Sometimes life as a software developer is almost too painful for me to bear. It’s ok to debug a piece of code for hours or to rack one’s brains over a problem instead of getting a good night’s rest; that’s part of the deal. What I can’t stand is solving a problem after hours and realizing that I had been barking up the wrong tree all the time.
While working on my first Sun SPOT project (blog posts on that are ahead) with Eclipse, the ANT editor all of a sudden reported an error on an XML build file: “content is not allowed in prolog”. While I was vaguely familiar with the meaning of it I could not see what was wrong with the XML file. For hours I searched the Internet, played around with my Eclipse preferences, and studied the first few lines of my build file. I loaded the file into the XML editor to confirm that it was valid indeed. I also loaded it into XmlSpy to double check. I did the right thing but missed to draw the right conclusions. As an XML document the file was ok, but as an ANT file it obviously wasn’t.

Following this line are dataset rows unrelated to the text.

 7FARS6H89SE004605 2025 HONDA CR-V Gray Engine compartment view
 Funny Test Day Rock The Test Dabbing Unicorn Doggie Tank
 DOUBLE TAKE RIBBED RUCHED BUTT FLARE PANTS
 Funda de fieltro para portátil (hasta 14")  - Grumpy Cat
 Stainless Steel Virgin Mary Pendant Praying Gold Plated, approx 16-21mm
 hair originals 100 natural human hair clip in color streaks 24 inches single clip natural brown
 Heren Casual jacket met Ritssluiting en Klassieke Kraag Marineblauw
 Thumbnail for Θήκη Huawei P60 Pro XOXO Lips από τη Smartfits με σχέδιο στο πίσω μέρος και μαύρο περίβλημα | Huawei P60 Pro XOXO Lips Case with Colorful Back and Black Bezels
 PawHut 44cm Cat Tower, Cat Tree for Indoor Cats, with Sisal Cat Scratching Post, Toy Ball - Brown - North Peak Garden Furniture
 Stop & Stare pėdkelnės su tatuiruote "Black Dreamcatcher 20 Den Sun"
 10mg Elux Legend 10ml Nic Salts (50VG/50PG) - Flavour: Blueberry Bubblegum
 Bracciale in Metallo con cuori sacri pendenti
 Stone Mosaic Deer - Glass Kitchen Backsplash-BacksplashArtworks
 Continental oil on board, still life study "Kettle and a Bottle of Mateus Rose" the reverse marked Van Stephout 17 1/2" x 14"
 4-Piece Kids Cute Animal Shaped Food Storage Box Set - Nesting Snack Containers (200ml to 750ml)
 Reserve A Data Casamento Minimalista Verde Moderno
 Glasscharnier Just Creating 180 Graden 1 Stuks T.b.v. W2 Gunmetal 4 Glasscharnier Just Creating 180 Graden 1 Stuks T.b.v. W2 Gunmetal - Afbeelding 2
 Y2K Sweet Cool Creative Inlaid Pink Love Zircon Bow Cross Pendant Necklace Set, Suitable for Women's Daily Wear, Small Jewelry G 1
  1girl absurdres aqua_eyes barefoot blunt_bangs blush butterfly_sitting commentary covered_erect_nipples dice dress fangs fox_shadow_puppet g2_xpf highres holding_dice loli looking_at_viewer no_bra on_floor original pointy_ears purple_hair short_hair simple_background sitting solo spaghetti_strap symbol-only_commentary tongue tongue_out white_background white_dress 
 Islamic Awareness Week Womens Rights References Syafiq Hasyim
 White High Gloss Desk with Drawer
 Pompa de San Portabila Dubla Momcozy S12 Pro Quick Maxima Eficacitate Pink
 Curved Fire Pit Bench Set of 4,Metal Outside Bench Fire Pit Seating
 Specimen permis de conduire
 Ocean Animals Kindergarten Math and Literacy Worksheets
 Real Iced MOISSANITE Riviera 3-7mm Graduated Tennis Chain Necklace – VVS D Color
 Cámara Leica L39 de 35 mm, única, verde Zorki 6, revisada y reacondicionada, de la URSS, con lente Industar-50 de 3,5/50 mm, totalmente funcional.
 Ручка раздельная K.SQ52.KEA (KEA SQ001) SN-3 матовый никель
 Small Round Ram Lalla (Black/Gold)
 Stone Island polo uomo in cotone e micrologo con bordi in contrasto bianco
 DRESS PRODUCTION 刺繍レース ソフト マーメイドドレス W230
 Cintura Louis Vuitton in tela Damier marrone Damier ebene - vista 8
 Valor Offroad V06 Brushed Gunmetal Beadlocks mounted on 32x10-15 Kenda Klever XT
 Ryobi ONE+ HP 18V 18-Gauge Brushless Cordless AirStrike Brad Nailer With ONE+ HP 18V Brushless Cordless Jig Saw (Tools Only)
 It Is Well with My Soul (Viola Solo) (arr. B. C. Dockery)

It was only after too many hours that I started stripping down the file, removing everything that wasn’t absolutely necessary. The error disappeared. So, I started removing individual lines to find the hot spot. When I stumbled upon an ANT <import> tag it finally dawned on me: the error was absolutely correct, but it simply referred to a different file. It was the imported file that couldn’t be parsed.
Yes, lesson learned. Indeed. I’ll never make that mistake again.